2009年7月1日水曜日
スタジオ盤『リリ・パッシオン』の怪
7月1日号のテレラマ誌(こちら様も表紙はマイケル・ジャクソンでした)で,同誌シャンソン担当のヴァレリー・ルウーが,バルバラ(1930-1997)作,バルバラ+ジェラール・ドパルデュー主演の音楽劇『リリ・パッシオン』にスタジオ録音盤が存在したと書いています。この音楽劇は1986年1月にパリのゼニットで上演され,その模様はダブルライヴアルバム『リリ・パッシオン』として記録されています。しかしこのライヴ盤の前に,1985年秋に『リリ・パッシオン』がスタジオ録音されていた,と言うのです。
この録音に大きく関わった二人のミュージシャンがいます。ひとりはオーケストレーションを担当したウィリアム・シェレール,もうひとりは20年近くに渡ってバルバラの伴奏アコーディオニスト/キーボディストだったロラン・ロマネリ。シェレールはその編曲に至極満足していて,「傑作」と自評するのですが,逆にロマネリはそれを最低と酷評し,その意見の相違のために,バルバラとの20年来のコラボレーションをご破算にして,バルバラと絶交してしまいます。
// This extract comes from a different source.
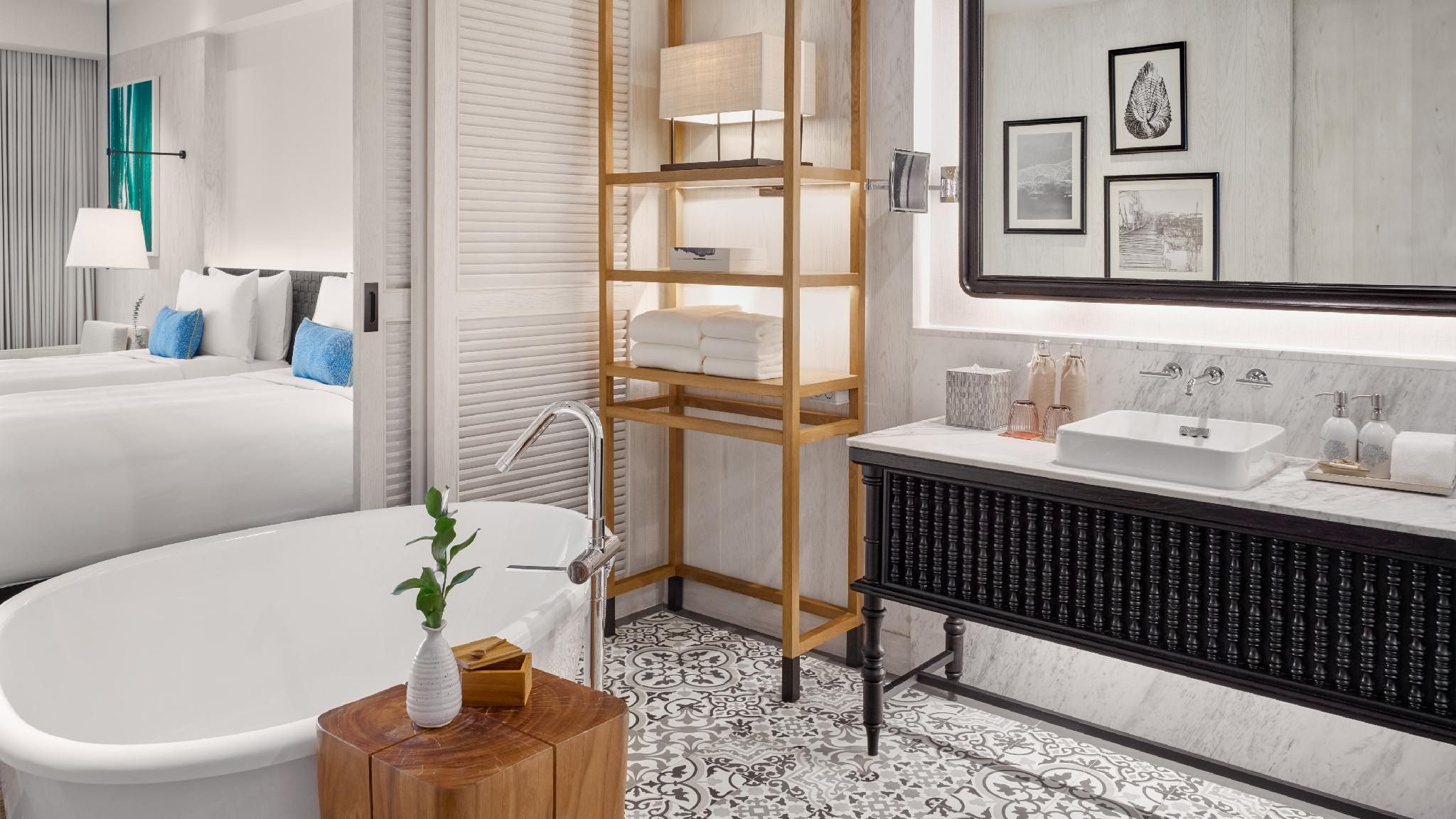 2 Twin Beds Essential Resort View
ロマネリ離脱によって,このスタジオ録音はオクラ入りし,ライヴ用のオーケストレーションはスタジオのそれとは全く違ったものになった,ということなんですね。
ヴァレリー・ルウーは,ロマネリとの離別に深く傷ついたバルバラが,この録音をどこかに埋めてしまったもの,と思っていたのですが,実はバルバラが亡くなる数ヶ月前に,バルバラ自身が所属レコード会社にこの録音を探し出して発表するようにと依頼していたことがわかったのです。つまりバルバラの記憶ではこの録音はレコード会社のアーカイヴにまだ残っていることになっているんですね。
その後のことはルウーも知らないそうなのですが,必ずやいつか陽の目を見て欲しいですね。それがアーチストの遺志だったのですから。